Fry the meatballs in a dash or two of olive oil, over medium heat, until cooked and crispy. Drain any grease and then mix the meatballs with a few Tablespoons of the tomato sauce and set aside.
Next up prepare the eggplants. Basically what you have to do is slice the eggplants into 1/4 inch thick round slices, coat them in flour, then beat up the eggs with a pitch of salt and coat each slice of eggplant in the eggs. Then fry the eggplant in about 1/4 inch of hot oil until crispy on both sides.
Get all the other ingredients ready: the tomato sauce, the parmasan cheese, slice up the mozzarella cheese (remember to use mozzarella from the previous day and not fresh one as that would have too much milk coming out it it), and the mortadella (bologna).

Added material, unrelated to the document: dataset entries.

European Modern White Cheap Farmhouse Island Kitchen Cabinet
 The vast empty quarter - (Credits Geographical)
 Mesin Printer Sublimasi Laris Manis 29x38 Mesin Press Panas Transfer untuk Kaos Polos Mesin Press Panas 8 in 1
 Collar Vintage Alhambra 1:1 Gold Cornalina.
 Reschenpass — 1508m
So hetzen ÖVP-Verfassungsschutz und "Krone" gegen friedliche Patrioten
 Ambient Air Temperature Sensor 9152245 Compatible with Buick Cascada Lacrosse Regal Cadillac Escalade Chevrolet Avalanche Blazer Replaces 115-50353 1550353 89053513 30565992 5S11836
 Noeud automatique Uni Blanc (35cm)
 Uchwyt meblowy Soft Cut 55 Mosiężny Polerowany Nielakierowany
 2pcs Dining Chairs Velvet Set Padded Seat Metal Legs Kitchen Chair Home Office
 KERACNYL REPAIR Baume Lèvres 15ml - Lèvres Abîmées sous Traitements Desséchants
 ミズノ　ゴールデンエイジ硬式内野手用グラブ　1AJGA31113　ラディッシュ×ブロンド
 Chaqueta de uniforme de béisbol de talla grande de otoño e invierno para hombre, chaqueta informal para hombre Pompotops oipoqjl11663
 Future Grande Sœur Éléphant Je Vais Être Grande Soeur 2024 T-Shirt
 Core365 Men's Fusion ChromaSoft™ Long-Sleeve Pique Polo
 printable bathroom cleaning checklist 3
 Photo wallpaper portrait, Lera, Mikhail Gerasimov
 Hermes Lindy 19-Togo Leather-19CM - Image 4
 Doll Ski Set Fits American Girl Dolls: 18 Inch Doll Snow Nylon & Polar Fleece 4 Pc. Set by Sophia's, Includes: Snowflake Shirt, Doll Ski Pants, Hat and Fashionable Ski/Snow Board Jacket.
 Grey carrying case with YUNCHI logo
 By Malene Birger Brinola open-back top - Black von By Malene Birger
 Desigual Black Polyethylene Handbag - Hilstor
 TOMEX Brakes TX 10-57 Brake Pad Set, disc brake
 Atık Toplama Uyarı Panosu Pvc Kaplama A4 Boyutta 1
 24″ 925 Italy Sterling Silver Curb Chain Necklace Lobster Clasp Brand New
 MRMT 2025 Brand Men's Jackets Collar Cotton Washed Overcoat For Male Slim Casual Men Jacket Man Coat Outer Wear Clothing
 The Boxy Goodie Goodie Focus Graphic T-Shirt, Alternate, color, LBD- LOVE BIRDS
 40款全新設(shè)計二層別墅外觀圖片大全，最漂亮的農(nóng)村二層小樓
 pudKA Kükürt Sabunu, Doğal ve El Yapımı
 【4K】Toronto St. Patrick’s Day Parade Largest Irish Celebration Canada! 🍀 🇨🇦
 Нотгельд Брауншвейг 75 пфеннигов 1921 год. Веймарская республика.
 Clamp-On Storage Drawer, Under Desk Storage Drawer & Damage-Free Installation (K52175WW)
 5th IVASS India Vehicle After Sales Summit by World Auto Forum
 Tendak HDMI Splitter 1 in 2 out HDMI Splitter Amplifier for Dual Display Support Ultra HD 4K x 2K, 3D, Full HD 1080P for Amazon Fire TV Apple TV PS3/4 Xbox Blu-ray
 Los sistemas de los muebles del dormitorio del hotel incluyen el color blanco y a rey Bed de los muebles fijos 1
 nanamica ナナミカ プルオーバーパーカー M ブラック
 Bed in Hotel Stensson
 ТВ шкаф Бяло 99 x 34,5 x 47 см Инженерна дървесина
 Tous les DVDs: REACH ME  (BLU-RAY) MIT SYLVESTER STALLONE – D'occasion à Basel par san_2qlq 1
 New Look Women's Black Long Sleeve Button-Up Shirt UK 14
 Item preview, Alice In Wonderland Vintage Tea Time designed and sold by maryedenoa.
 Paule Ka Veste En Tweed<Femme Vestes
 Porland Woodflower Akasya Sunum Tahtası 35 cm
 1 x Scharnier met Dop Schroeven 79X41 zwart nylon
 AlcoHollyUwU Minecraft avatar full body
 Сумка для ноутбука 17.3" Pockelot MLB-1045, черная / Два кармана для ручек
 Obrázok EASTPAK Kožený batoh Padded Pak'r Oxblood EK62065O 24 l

In a 9×13 or bigger casserole pan pour a few Tablespoons of tomato sauce. Place a layer of eggplants (1/3 of the whole amount) so to cover the whole bottom of the pan. Generously sprinkle some parmesan cheese then drop half of the fried meatballs and half of the sliced mozzarella cheese, more tomato sauce and half of the mortadella bologna, then cover with another layer of fried eggplants. Repeat the above layers, then cover with a last layer of eggplants and tomato sauce.
Bake at 180 C for about 30-40 minutes. Remove from oven and let it cool down. Serve when completely cooled.